“Questo forse è l’unico paese dove alla Vigilia non si cena per conservare l’antica tradizione”. A Tufillo la sera prima del Natale si trascina la lunga farchia dalla chiesa di San Vito a quella di Santa Giusta attraversando l’antico borgo fortificato. Si tratta di una tradizione le cui origini risalgono alla notte dei tempi e si inquadra nella serie dei riti del fuoco comuni a diverse località della vallata del Trigno.
A differenza della ‘ndocciata di Agnone, delle farchie di Fraine [LEGGI] ecc., qui l’unicità sta nella preparazione – che inizia due giorni prima – di una sola farchia composta principalmente da legno di quercia. La parte posteriore – il pedale, che si dirama in tre parti– non viene bruciata nella notte di Natale, ma si conserva e riutilizzata per diversi anni fino a quando l’eccessiva usura ne rende necessaria la sostituzione.

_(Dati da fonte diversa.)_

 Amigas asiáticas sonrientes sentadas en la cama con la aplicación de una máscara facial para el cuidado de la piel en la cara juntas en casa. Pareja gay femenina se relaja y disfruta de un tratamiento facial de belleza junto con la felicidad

A questa sono attaccate a incastro (per mezzo delle pacche, raccordi in legno) i rami e gli altri listelli che compongono la parte della farchia che arderà per due giorni; il tutto è tenuto insieme dalle vrevl (fascette metalliche) si conclude con la punta detta palo ferro. Da qualche anno esiste una versione ridotta della farchia portata dai bambini del paese.
L’obiettivo è arrivare davanti alla chiesa di Santa Giusta allo scoccare della mezzanotte, non un minuto meno, non uno in più. Particolarmente insidiose sono le piccole salite del percorso che mettono a dura prova i devoti (circa un ventina) ai quali gli abitanti della zona offrono vino per riscaldarsi e a mò di carburante. Una volta davanti la chiesa, la farchia viene accesa e il parroco don Rino Ronzitti la benedice prima di celebrare la messa della notte di Natale all’interno.
I partecipanti ricordano con un pizzico di malinconia le edizioni più lontane, quando la farchia era molto più lunga e la lenta combustione durava più giorni (quella di ieri sera misurava una decina di metri). “Non troppi anni fa ne fu realizzata una più lunga del campanile. Oggi la partecipazione è minore purtroppo”, spiega Nino Berardini, tra i volontari storici.
La volonta degli irriducibili resta però la stessa: conservare ancora a lungo la tradizione e tramandarla alle generazioni successive quale particolarità distintiva del Natale tufillese.